Trump plays misleading clips of 'support' from Cuomo at coronavirus briefing

Donald Trump has been accused of using another White House coronavirus task force briefing to broadcast a “campaign ad” in which New York Governor Andrew Cuomo, one of his most trenchant critics, appeared to shower him with praise.

The US president dimmed the lights and played two selectively edited videos on screens behind the briefing room podium featuring Cuomo, whose state has been hardest hit by the deadly pandemic.

“What the federal government did, working with states ... was a phenomenal accomplishment,” the governor said in the first clip. “These were just extraordinary efforts and acts of mobilisation, and the federal government stepped up and was a great partner, and I’m the first to say it. We needed help and they were there.”

But the films were played just two days after Cuomo, who has emerged as one of the most prominent Democrats during the crisis, eviscerated Trump in scathing 15-minute remarks. “First of all, if he’s sitting home watching TV, maybe he should get up and go to work, right,” he told reporters on Friday. “Second, let’s keep emotion and politics out of this and personal ego if we can because this is about the people and our job and let’s try to focus on that.”

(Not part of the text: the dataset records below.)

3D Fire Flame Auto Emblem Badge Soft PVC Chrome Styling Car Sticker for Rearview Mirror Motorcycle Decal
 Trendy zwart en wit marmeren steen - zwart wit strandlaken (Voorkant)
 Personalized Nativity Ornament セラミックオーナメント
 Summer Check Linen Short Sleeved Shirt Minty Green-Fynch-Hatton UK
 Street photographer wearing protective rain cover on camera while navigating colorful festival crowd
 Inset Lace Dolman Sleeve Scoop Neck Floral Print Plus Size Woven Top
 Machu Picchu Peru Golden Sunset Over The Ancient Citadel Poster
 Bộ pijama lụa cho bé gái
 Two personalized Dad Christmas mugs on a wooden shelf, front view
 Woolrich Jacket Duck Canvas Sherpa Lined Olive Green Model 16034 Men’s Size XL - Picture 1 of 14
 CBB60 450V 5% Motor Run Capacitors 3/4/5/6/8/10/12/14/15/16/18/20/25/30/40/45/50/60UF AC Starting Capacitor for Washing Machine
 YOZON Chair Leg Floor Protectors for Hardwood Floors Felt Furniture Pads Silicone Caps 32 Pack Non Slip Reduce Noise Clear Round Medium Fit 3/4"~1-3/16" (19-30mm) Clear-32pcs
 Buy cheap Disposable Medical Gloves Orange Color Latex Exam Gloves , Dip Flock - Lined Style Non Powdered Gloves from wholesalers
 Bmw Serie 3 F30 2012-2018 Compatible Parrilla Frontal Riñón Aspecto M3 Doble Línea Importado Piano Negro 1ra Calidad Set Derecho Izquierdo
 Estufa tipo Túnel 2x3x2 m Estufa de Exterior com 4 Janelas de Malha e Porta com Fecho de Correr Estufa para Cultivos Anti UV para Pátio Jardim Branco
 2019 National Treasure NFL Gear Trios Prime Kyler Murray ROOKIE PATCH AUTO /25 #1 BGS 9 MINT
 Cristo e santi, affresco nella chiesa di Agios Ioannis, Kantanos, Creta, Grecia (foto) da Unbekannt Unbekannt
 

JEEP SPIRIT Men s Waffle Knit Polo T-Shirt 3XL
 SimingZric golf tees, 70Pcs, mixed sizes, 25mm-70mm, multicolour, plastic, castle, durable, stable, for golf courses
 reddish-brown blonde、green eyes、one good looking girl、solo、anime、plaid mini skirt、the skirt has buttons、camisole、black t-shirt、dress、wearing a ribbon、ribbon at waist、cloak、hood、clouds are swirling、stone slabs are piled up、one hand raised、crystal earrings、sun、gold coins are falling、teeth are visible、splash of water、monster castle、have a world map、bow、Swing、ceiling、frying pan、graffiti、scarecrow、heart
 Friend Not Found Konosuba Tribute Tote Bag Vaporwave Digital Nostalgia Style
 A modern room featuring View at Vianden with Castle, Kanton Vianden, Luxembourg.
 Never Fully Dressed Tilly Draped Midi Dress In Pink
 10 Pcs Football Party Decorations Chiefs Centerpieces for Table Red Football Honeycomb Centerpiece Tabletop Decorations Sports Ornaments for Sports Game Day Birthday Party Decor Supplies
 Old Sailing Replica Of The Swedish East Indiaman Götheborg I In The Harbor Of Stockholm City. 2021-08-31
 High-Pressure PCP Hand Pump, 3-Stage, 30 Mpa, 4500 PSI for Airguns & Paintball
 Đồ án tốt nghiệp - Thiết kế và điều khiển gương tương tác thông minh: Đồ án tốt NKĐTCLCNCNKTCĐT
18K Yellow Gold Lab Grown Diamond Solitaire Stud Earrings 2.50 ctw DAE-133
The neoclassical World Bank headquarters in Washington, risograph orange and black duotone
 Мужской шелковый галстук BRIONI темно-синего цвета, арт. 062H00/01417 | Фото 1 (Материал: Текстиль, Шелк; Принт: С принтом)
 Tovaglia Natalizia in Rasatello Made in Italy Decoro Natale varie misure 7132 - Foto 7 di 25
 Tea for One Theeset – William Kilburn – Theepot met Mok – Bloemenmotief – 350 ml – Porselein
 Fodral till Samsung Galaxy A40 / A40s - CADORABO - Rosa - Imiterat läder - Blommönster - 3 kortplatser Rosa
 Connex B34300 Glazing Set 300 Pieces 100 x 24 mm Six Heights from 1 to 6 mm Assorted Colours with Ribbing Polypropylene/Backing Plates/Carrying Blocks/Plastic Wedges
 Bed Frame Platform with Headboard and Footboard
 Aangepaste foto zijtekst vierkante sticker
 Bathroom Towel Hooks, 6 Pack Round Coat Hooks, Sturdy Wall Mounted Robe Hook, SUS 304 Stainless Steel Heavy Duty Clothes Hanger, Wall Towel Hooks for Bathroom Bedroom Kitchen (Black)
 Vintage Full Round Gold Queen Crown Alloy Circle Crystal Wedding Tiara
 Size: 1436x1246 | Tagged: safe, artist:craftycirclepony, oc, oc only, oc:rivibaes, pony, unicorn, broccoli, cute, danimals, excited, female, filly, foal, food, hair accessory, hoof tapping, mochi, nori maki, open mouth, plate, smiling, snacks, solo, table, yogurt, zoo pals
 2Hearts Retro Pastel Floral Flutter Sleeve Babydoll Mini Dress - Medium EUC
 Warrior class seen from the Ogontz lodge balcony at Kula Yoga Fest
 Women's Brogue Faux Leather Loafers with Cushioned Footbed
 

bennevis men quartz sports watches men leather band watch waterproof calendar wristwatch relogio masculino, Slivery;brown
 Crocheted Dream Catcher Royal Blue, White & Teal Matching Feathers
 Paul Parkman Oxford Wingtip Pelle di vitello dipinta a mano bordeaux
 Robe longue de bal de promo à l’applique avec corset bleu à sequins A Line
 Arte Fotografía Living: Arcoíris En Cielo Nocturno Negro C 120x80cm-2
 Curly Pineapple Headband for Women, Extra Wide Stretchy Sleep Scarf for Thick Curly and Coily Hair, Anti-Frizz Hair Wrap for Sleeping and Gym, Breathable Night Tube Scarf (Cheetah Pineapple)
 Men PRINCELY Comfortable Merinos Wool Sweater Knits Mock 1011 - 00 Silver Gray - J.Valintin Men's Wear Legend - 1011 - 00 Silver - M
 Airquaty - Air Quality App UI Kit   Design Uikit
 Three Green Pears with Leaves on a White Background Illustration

Related: New York mayor De Blasio asks if Trump is telling city to 'drop dead' over Covid-19

Cuomo acknowledged that Trump had moved quickly to increase hospital capacity, but said he was wrong to claim the city’s Javits Center, a convention facility converted to a hospital, had not been used, pointing out that 800 people had gone through. The projected number of patients “were the president’s projections”, he added.

Exasperated, Cuomo went on: “The president doesn’t want to help on testing. I said 11 times, I said the one issue we need help with is testing. He said 11 times: ‘I don’t want to get involved in testing, it’s too complicated, it’s too hard.’ I know it’s too complicated and too hard. That’s why we need help. I can’t do an international supply chain.

“He wants to say: ‘Well I did enough.’ Yeah, none of us have done enough. We haven’t, because it’s not over ... We have a lot more to do and no one can do the posture of ‘Just say thank you for what I’ve done, and I’m now out, I’m not doing anything else. I’ve done my part.’”

The pair of New Yorkers exchanged barbs on Twitter but, at Sunday’s briefing, Trump was only eager to bask in Cuomo’s praise. After the first video was shown, he chided his staff: “They left out the good part. Good job, fellas ... You want to put the rest of it up, or do you not have it?”

He added: “I just think it’s so good for people because it’s bipartisan. This is not about Democrats, Republicans. This is about a thing that hit our country, the likes of which has never happened to us before.”

The second clip was duly played later in the briefing. And earlier Trump had read aloud from a Wall Street Journal column praising him. A CNN reporter asked, with more than 22 million Americans unemployed and the death toll now above 40,000, “is this really the time for self-congratulations?”.

Trump retorted: “You’re CNN, you’re fake news ... You don’t have the brains you were born with.”

Media reports suggest Trump is ready to transition from crisis mode to a new phase focused on economic recovery and his re-election.

For his part, Cuomo issued two pointed tweets on Sunday evening. One said: “‘Everyone is entitled to his own opinion, but not his own facts.’ — Senator Daniel Patrick Moynihan.” The other thanked health care, hospital and nursing home workers, and said: “You are heroes. #NewYorkTough.”

Trump’s publicity stunt also drew direct criticism. Walter Shaub, former director of the Office of Government Ethics, tweeted: “Beyond being another taxpayer-funded campaign ad, this video clip also makes Trump look exceedingly weak. The video casts Cuomo as Trump’s boss giving him a performance appraisal. (If only!).”

The president also sought to downplay the national testing shortage, despite governors’ complaints that they lack sufficient capacity to safely reopen their economies. And he became visibly angry when questioned why he had still been holding campaign rallies in February rather than warning Americans about the virus.

Challenged repeatedly by Weijia Jiang of CBS News, he demanded: “Who are you with? ... nice and easy, nice and easy, just relax ... Keep your voice down, please. Keep your voice down.” Touting his partial travel restrictions on China, he insisted: “You should say, ‘Thank you very much for good judgment.’”

Away from the virus, Trump was questioned on whether he would consider pardoning allies Michael Flynn and Roger Stone, who were caught in the justice department’s Russia investigation. “The top of the FBI was scum,” he complained bitterly. “They’re human scum.”